As testing proceeded, sightseers came to witness the contraption hurtling down the runway at more than 40 mph, and some even took rides. One such was the Prince of Wales, the future King Edward VII, accompanied by an admiral. The Prince was exhilarated by the experience, the admiral terrified.

The flying machine after it broke free and crashed

The test on 31st July began in the usual way. Bystanders held on to their hats as Maxim revved up the propellers and then released the anchors. The machine leapt forward and after 250 feet lifted gently off the main track, and continued, as intended, with the restraining track preventing it from rising further. But then, after 1000 feet, the upthrust became so great that part of the restraining mechanism snapped, and the machine broke free. Maxim found himself ‘floating in the air with the feeling of being in a boat’. When a further mishap damaged one of the propellers he shut off the steam and the machine came to an abrupt stop back on the ground. What Maxim claimed as the world’s first powered flight with a man on board, albeit an accidental one, had lasted just a few seconds and risen just a few feet off the ground.

Maxim was aware that the future of flying machines did not lie with the steam engine. He realised that internal combustion engines, then in their infancy, could do the job better, but would need more development time than he could spare. Twelve years would elapse before the Wright Brothers would prove this right. In the mean time Maxim used another of his inventions to give thrill-seekers a foretaste of what it is like to fly. This was the fairground ride he described as ‘Captive Flying Machines’ in which passengers travelled  in torpedo-shaped ‘cars’ suspended from a rotating pole, flying out at a hair-raising angle as the speed increased. One of Maxim’s original 1904 example was still in operation at Blackpool Pleasure Beach 110 years later.  

Hiram Maxim

Maxim in later life displaying his medals

Hiram Maxim was an American by birth and spent his early years at the family homestead, deep in the forests of Maine, where he claimed there were more bears than people. He soon made his mark as an inventor, an engineer and an entrepreneur. The first of his many patents was for a heated curling iron and another was for an improved mouse trap. At the age of 28 he formed a company to manufacture incandescent lamps – light bulbs – for which he held several patents, and another company to sell them. Two years later he was responsible for the first ever installation of incandescent lamps on a commercial building in America.

Maxim moved to England in 1881, possibly after he was exposed as having undergone a ‘form of marriage’ with a 15 year-old girl while still legally married to a wife who had borne him three children. In England he was joined by a third woman who served as his secretary, mistress and eventually wife.
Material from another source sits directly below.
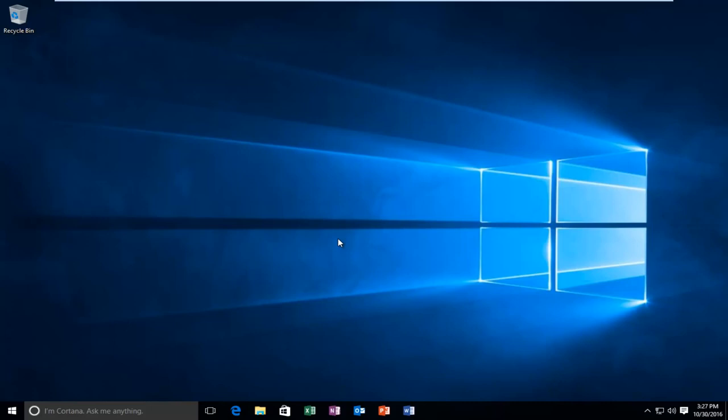Today I'm going to be going over how to hopefully resolve a delay when you're right-clicking on an item or file or folder on your Windows 10 computer. This tutorial is going to be very straightforward and we're going to try to go over it as quickly and efficiently as possible without getting anybody lost.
An early model of the Maxim Gun

The invention which brought him wealth and fame – and eventually a knighthood – was the Maxim Gun, developed in a small factory in London’s Hatton Garden in the 1880s. (He claimed to have been advised by a fellow-American that the way to ‘make a pile of money’ was to ‘invent something that will enable these Europeans to cut each other’s throats with greater facility.') The Maxim was the first successful fully-automatic machine gun, capable of firing up to 600 rounds a minute. The principle was simple: the recoil energy from the firing of each bullet was harnessed to rapidly extract and eject the spent cartridge and insert a fresh one, the bullets being fed in side by side on a moving belt. From its first use in Africa in 1893-4 the deadly effectiveness of the new weapon was apparent. Soon, in Maxim’s own words, his ‘killing machine’ was in ‘universal use throughout the whole civilized world’, with Russia and Germany among the countries where it had been adopted.

In Britain Maxim guns were manufactured at a factory in Erith (on the site of the present Europa and Hamlet Trading Estates, with a Maxim Road nearby). The firm eventually merged into Vickers, and by the end of World War 1 as many as 14,000 people were employed in the Crayford area of Kent, making aeroplanes as well as guns.

Hiram Maxim died at his home in Streatham in 1916, the year in which the Battle of the Somme claimed more than a million lives on all sides. Countless thousands were mown down by various versions of the Maxim gun.